Changing stroke rehab and research worldwide now.Time is Brain! trillions and trillions of neurons that DIE each day because there are NO effective hyperacute therapies besides tPA(only 12% effective). I have 523 posts on hyperacute therapy, enough for researchers to spend decades proving them out. These are my personal ideas and blog on stroke rehabilitation and stroke research. Do not attempt any of these without checking with your medical provider. Unless you join me in agitating, when you need these therapies they won't be there.

What this blog is for:

My blog is not to help survivors recover, it is to have the 10 million yearly stroke survivors light fires underneath their doctors, stroke hospitals and stroke researchers to get stroke solved. 100% recovery. The stroke medical world is completely failing at that goal, they don't even have it as a goal. Shortly after getting out of the hospital and getting NO information on the process or protocols of stroke rehabilitation and recovery I started searching on the internet and found that no other survivor received useful information. This is an attempt to cover all stroke rehabilitation information that should be readily available to survivors so they can talk with informed knowledge to their medical staff. It lays out what needs to be done to get stroke survivors closer to 100% recovery. It's quite disgusting that this information is not available from every stroke association and doctors group.

Thursday, February 23, 2023

Shift work and vascular events: systematic review and meta-analysis

 Did your doctor inform you that shift work needs to stop?

Shift work and vascular events: systematic review and meta-analysis

BMJ 2012; 345 doi: https://doi.org/10.1136/bmj.e4800 (Published 26 July 2012) Cite this as: BMJ 2012;345:e4800
  1. Manav V Vyas, graduate student1,  
  2. Amit X Garg, professor123,  
  3. Arthur V Iansavichus, information specialist3,  
  4. John Costella, research and instructional librarian4,  
  5. Allan Donner, professor15,  
  6. Lars E Laugsand, PhD candidate6,  
  7. Imre Janszky, researcher67,  
  8. Marko Mrkobrada, assistant professor25,  
  9. Grace Parraga, associate professor8,  
  10. Daniel G Hackam, associate professor125
    Author affiliations
  1. Correspondence to: D Hackam, Stroke Prevention and Atherosclerosis Research Centre (SPARC), Room 100K-2, Siebens Drake Research Building, 1400 Western Road, London, ON, Canada N6G 2V2 dhackam@uwo.ca
  • Accepted 21 June 2012

Abstract

Objective To synthesise the association of shift work with major vascular events as reported in the literature.

Data sources Systematic searches of major bibliographic databases, contact with experts in the field, and review of reference lists of primary articles, review papers, and guidelines.

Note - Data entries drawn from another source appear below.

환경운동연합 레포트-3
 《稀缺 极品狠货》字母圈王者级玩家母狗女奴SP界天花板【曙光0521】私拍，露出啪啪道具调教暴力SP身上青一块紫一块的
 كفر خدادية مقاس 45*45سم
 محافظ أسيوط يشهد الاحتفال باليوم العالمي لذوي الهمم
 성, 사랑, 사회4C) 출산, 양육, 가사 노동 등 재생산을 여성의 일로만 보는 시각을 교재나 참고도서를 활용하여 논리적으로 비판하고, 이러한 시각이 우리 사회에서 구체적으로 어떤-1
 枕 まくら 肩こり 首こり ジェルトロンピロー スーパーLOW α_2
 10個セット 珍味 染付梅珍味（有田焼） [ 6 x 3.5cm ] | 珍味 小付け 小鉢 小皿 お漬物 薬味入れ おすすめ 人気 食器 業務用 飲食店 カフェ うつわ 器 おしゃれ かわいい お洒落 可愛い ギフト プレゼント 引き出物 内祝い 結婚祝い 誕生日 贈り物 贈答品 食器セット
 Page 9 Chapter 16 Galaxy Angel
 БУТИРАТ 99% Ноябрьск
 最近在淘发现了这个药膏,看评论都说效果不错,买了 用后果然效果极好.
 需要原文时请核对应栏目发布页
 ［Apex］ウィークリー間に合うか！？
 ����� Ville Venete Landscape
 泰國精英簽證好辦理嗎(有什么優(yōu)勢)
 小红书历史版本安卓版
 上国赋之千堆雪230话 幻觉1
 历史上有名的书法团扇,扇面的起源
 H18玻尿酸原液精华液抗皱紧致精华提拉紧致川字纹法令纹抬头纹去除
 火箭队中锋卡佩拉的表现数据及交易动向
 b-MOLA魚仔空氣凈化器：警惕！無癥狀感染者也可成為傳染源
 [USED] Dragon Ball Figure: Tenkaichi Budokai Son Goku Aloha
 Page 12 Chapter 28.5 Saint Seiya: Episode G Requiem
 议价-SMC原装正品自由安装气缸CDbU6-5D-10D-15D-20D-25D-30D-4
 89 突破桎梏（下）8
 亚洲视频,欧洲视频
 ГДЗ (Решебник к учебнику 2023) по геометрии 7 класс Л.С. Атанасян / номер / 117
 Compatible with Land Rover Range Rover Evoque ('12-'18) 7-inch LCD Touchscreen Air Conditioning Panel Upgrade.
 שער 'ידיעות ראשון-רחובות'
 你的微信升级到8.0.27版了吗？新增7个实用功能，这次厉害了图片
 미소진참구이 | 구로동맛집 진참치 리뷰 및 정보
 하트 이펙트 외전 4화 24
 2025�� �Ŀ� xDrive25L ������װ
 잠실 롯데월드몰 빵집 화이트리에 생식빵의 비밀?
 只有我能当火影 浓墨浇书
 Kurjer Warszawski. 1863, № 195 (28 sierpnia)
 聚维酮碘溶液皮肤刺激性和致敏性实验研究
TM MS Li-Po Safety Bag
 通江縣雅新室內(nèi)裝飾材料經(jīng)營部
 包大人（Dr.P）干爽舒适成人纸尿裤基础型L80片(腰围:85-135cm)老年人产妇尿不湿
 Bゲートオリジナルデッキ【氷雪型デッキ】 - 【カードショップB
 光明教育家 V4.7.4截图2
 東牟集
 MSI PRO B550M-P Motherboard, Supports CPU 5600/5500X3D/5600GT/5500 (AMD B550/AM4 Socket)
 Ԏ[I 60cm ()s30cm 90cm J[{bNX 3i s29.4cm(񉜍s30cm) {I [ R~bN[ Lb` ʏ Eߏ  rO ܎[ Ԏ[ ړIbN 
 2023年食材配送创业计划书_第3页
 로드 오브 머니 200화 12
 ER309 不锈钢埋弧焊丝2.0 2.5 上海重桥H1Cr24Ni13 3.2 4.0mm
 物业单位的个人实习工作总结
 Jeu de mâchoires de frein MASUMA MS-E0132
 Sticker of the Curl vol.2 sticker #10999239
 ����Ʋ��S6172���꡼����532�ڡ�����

Study selection Observational studies that reported risk ratios for vascular morbidity, vascular mortality, or all cause mortality in relation to shift work were included; control groups could be non-shift (“day”) workers or the general population.

Data extraction Study quality was assessed with the Downs and Black scale for observational studies. The three primary outcomes were myocardial infarction, ischaemic stroke, and any coronary event. Heterogeneity was measured with the I2 statistic and computed random effects models.

Results 34 studies in 2 011 935 people were identified. Shift work was associated with myocardial infarction (risk ratio 1.23, 95% confidence interval 1.15 to 1.31; I2=0) and ischaemic stroke (1.05, 1.01 to 1.09; I2=0). Coronary events were also increased (risk ratio 1.24, 1.10 to 1.39), albeit with significant heterogeneity across studies (I2=85%). Pooled risk ratios were significant for both unadjusted analyses and analyses adjusted for risk factors. All shift work schedules with the exception of evening shifts were associated with a statistically higher risk of coronary events. Shift work was not associated with increased rates of mortality (whether vascular cause specific or overall). Presence or absence of adjustment for smoking and socioeconomic status was not a source of heterogeneity in the primary studies. 6598 myocardial infarctions, 17 359 coronary events, and 1854 ischaemic strokes occurred. On the basis of the Canadian prevalence of shift work of 32.8%, the population attributable risks related to shift work were 7.0% for myocardial infarction, 7.3% for all coronary events, and 1.6% for ischaemic stroke.

Conclusions Shift work is associated with vascular events, which may have implications for public policy and occupational medicine.